Krieg mit M23-Rebellen in Kongo: Rebellen zielen auf Goma
Die Rebellenbewegung M23 rückt im Osten Kongos auf die Millionenstadt Goma vor. Panik bricht unter Kriegsvertriebenen aus.
Fast genau zehn Jahre, nachdem die M23 schon einmal Goma im Handstreich erobert hatte, droht sich jetzt offenbar das Drama zu wiederholen. In der Millionenstadt am Ufer des Kivu-Sees sowie in den umliegenden Vertriebenenlagern brach Panik aus.
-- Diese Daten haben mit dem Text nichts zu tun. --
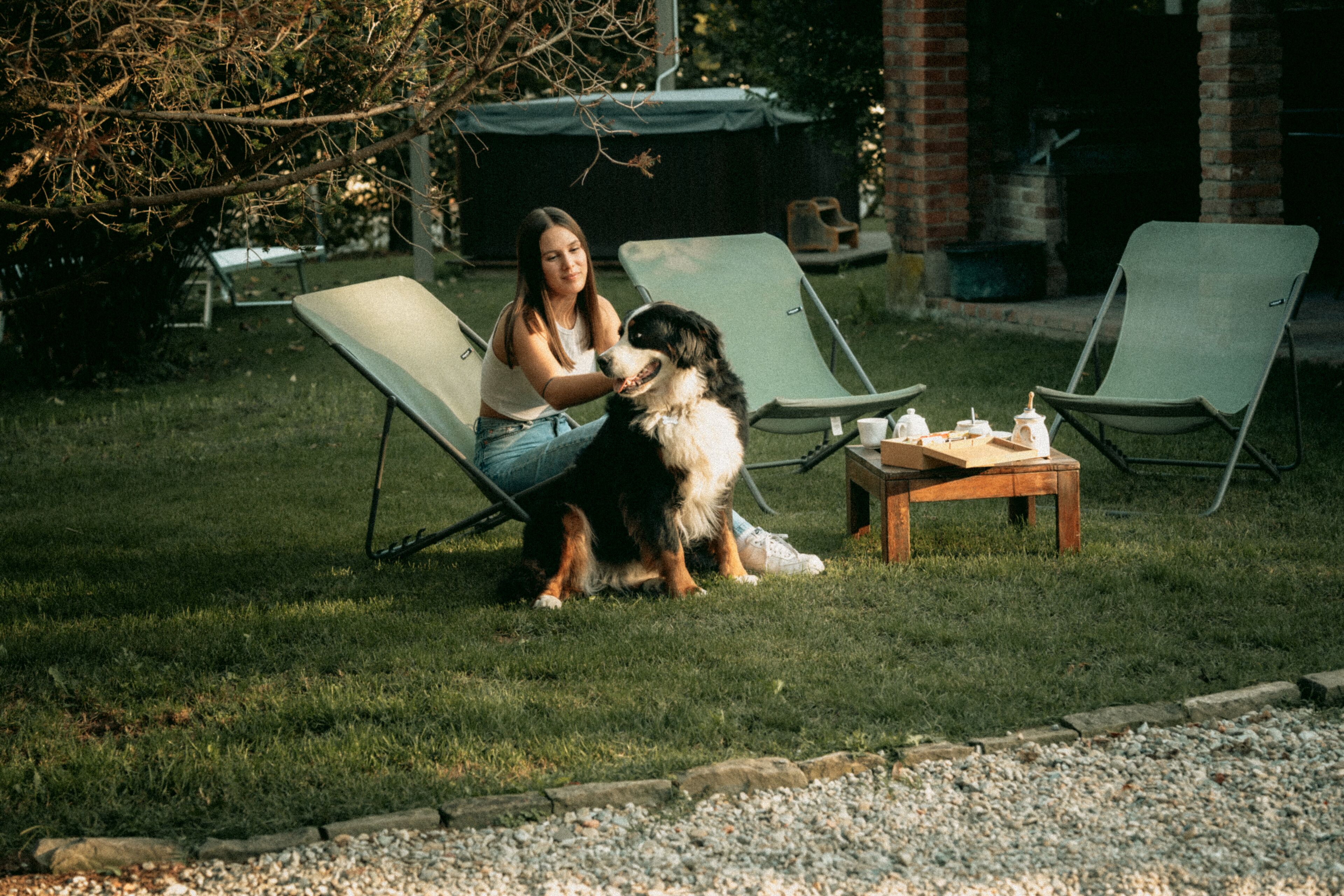 Un espacio al aire libre con césped, dos sillones y una pequeña mesa.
In den vergangenen Wochen und Monaten, seit die Tutsi-geführten Rebellen der M23 weite Gebiete im Dreiländereck entlang der Grenzen zu Ruanda und Uganda eroberten, sind bis zu 40.000 Familien aus den umkämpften Ortschaften mit ihren Habseligkeiten in Richtung Goma geflohen. In Kanyaruchinya, einem nördlichen Vorort am Fuße des aktiven Vulkans Nyiragongo, haben sie sich rund um eine große Schule mit Fußballplatz niedergelassen, sich dort Zelte aus Planen und Eukalyptuszweigen gebaut – eine desaströse Lage, es regnet.
Jetzt müssen sie erneut fliehen. Am Dienstag war von Kanyaruchinya aus Artilleriefeuer zu hören. Panisch rafften Frauen und Kinder ihre Sachen zusammen und rannten bergabwärts in Richtung Stadt. Handy-Videos, die auf Twitter geteilt wurden, zeigen die Massenpanik. Die Frontlinie zwischen Regierungsarmee und M23 verläuft nur rund 10 Kilometer nördlich und die Rebellen rücken immer weiter vor.
Die Rebellen wollen verhandeln
Die M23 versucht, eine wichtige militärische Position zu erobern: einen erloschenen kleinen Vulkankrater mit drei Telefonmasten auf dessen Spitze, die sogenannten „Trois Antennes“. Von dieser Anhöhe in der Savanne aus kann man die Millionenstadt Goma bis zum See überblicken – und auch bombardieren.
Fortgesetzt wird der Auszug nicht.